## Work item:
The task requires repeating, word for word, the lines from the one with "Gebogener Displayschutz aus" through the end of the material, leaving out all pictures.

## Recorded information:
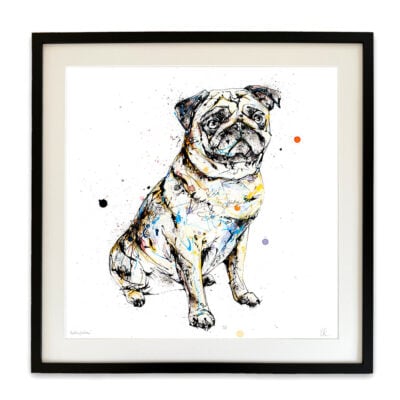 Anticipation - Pug Print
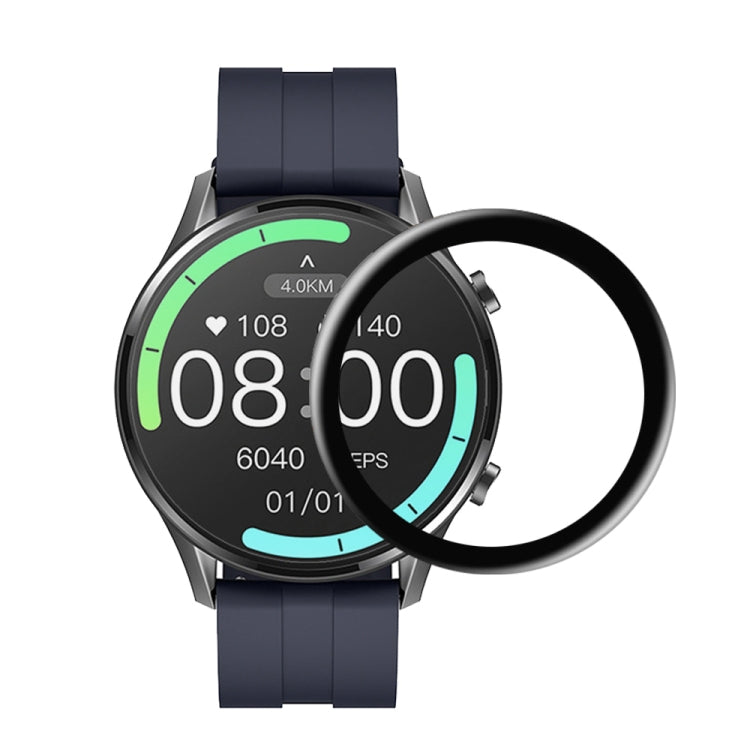 Gebogener Displayschutz aus weichem 3D-Verbundmaterial für Xiaomi IMILAB W12 (schwarz), für Xiaomi IMILAB W12 (schwarz)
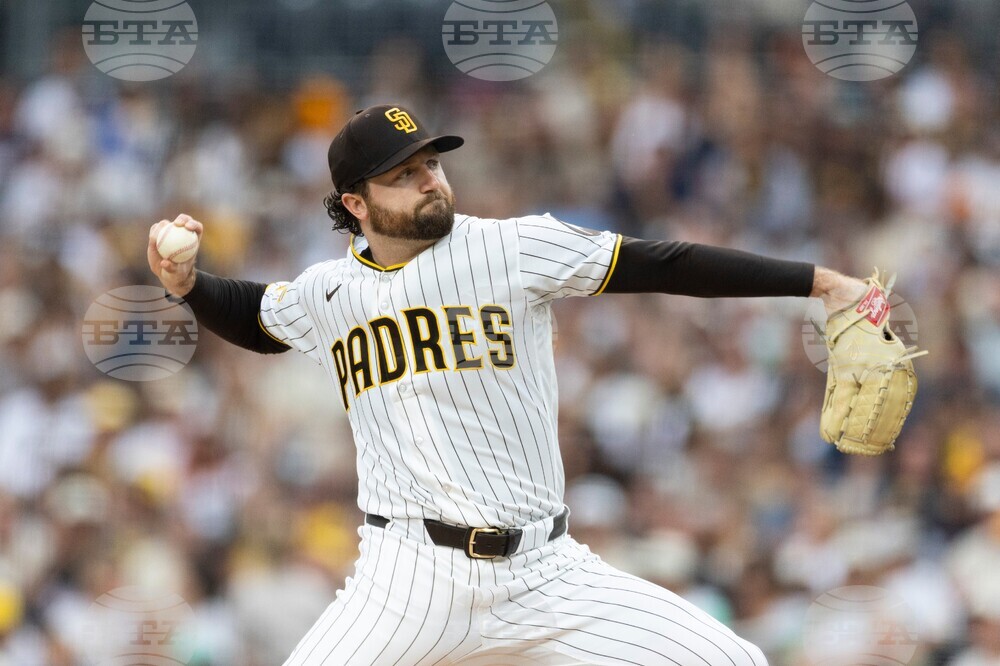 Brewers Padres Baseball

## Result:
 Gebogener Displayschutz aus weichem 3D-Verbundmaterial für Xiaomi IMILAB W12 (schwarz), für Xiaomi IMILAB W12 (schwarz)
 Brewers Padres Baseball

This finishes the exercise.